[INPUT MATERIAL Boundary: Start]
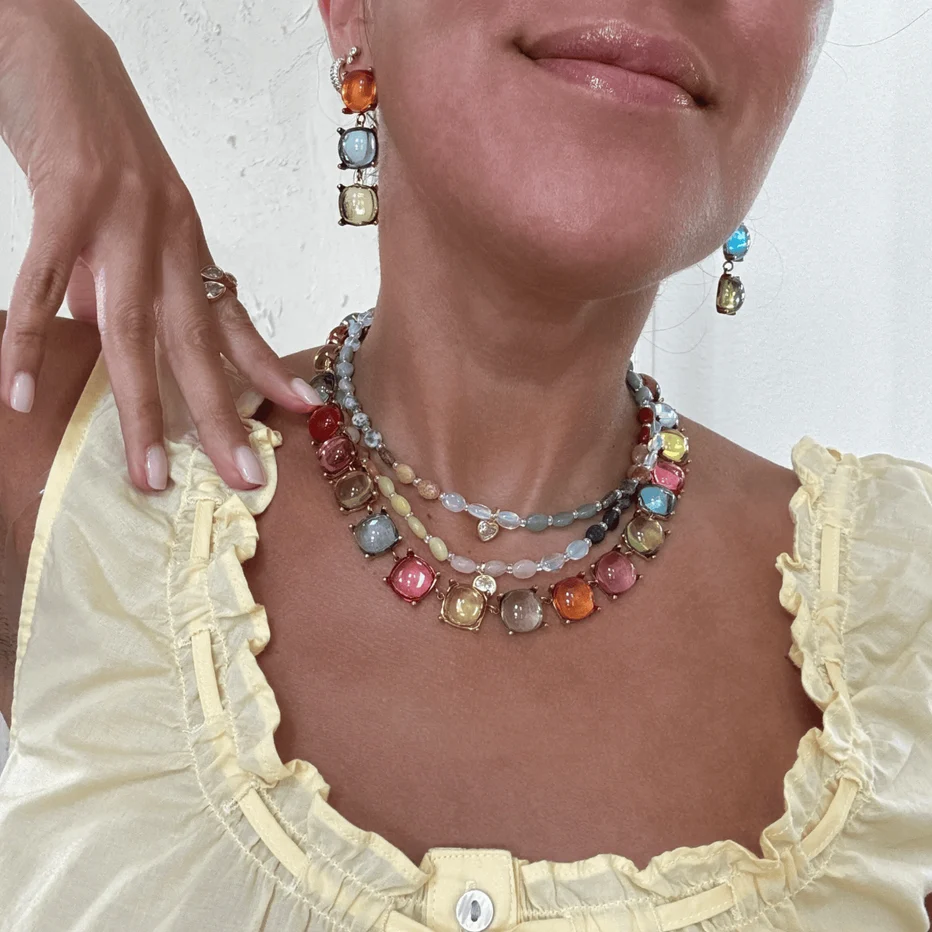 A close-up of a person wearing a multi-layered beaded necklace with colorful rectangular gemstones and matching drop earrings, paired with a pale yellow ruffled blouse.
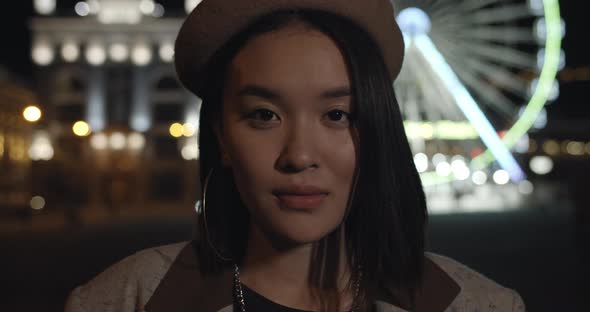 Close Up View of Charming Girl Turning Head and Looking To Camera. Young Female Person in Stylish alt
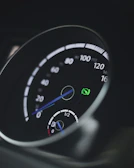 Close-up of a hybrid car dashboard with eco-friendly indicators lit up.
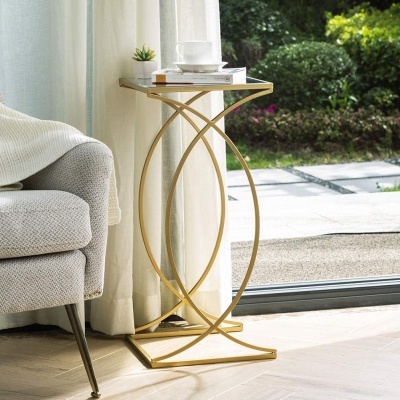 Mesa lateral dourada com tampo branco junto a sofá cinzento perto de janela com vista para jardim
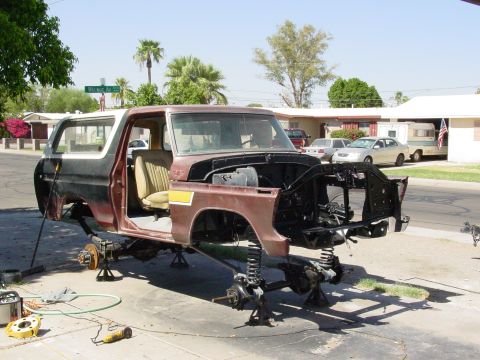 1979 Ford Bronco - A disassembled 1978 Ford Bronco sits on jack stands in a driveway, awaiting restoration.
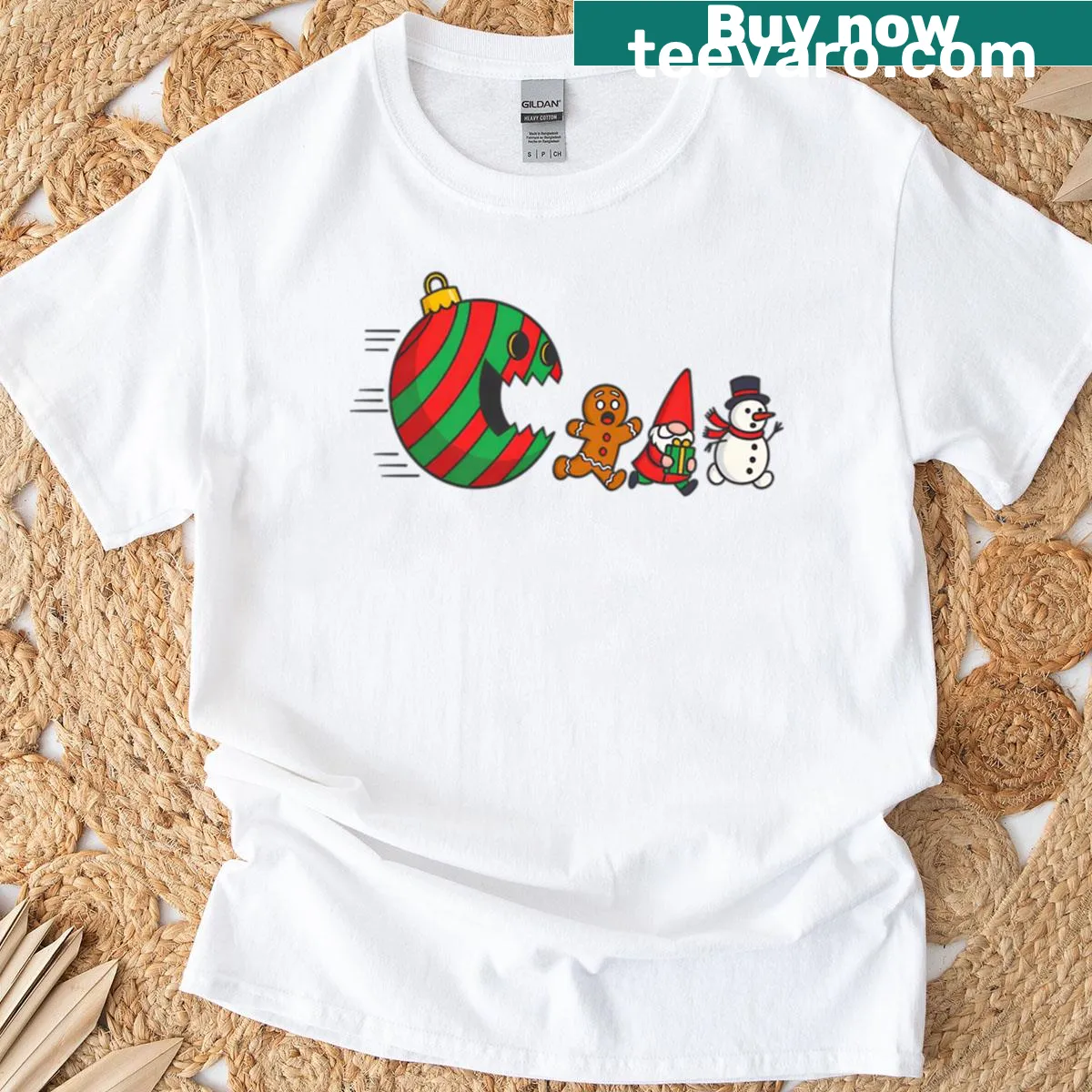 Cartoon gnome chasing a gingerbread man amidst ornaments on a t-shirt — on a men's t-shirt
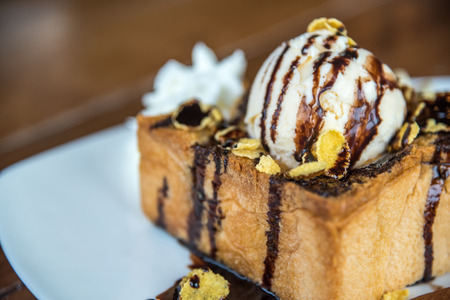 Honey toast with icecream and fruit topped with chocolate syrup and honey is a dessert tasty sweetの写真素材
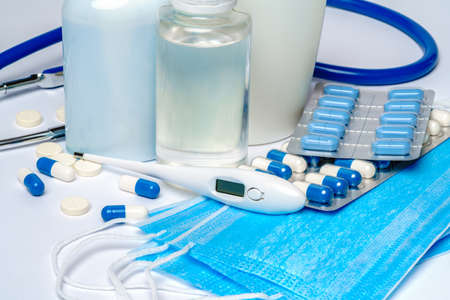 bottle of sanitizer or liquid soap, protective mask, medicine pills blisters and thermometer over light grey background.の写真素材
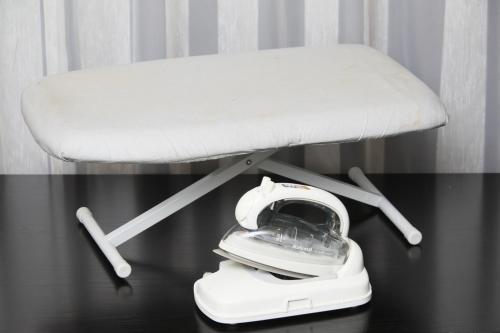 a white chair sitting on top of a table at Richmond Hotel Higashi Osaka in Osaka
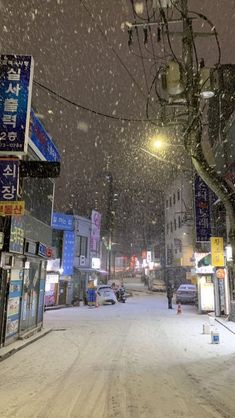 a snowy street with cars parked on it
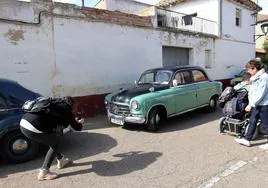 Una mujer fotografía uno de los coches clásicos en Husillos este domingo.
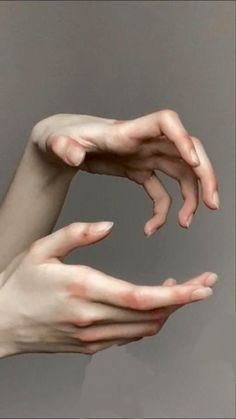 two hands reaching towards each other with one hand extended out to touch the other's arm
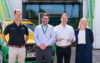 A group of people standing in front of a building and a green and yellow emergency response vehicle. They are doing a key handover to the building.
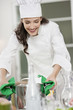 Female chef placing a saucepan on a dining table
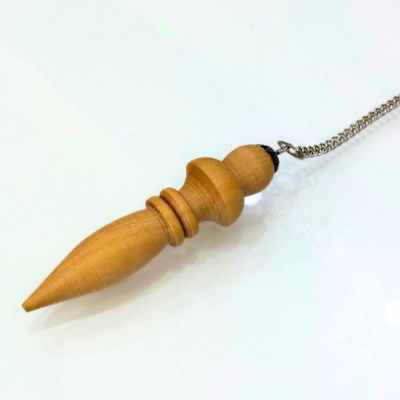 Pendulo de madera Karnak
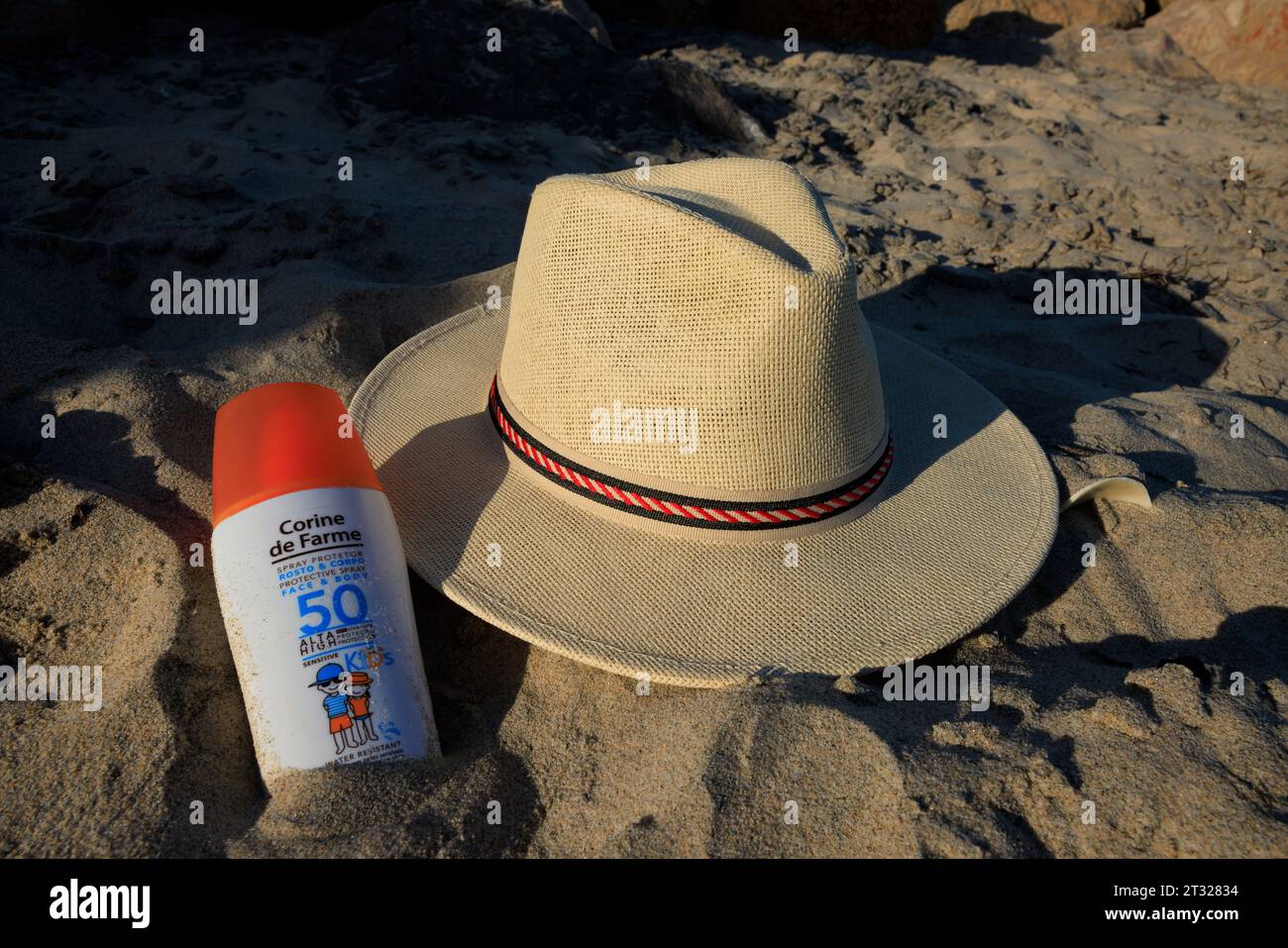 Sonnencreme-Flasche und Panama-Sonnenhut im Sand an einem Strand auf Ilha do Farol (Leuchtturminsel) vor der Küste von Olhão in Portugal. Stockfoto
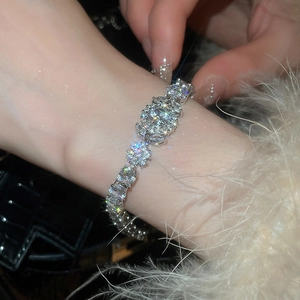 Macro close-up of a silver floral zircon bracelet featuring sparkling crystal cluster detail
[INPUT MATERIAL Boundary: End]
__YOUR GOAL__. Should there be pictures in the data, leave them out and return the rest exactly.

__RESULT FOR THIS TASK__.
 A close-up of a person wearing a multi-layered beaded necklace with colorful rectangular gemstones and matching drop earrings, paired with a pale yellow ruffled blouse.
 Close Up View of Charming Girl Turning Head and Looking To Camera. Young Female Person in Stylish alt
 Close-up of a hybrid car dashboard with eco-friendly indicators lit up.
 Mesa lateral dourada com tampo branco junto a sofá cinzento perto de janela com vista para jardim
 1979 Ford Bronco - A disassembled 1978 Ford Bronco sits on jack stands in a driveway, awaiting restoration.
 Cartoon gnome chasing a gingerbread man amidst ornaments on a t-shirt — on a men's t-shirt
 Honey toast with icecream and fruit topped with chocolate syrup and honey is a dessert tasty sweetの写真素材
 bottle of sanitizer or liquid soap, protective mask, medicine pills blisters and thermometer over light grey background.の写真素材
 a white chair sitting on top of a table at Richmond Hotel Higashi Osaka in Osaka
 a snowy street with cars parked on it
 Una mujer fotografía uno de los coches clásicos en Husillos este domingo.
 two hands reaching towards each other with one hand extended out to touch the other's arm
 A group of people standing in front of a building and a green and yellow emergency response vehicle. They are doing a key handover to the building.
 Female chef placing a saucepan on a dining table
 Pendulo de madera Karnak
 Sonnencreme-Flasche und Panama-Sonnenhut im Sand an einem Strand auf Ilha do Farol (Leuchtturminsel) vor der Küste von Olhão in Portugal. Stockfoto
 Macro close-up of a silver floral zircon bracelet featuring sparkling crystal cluster detail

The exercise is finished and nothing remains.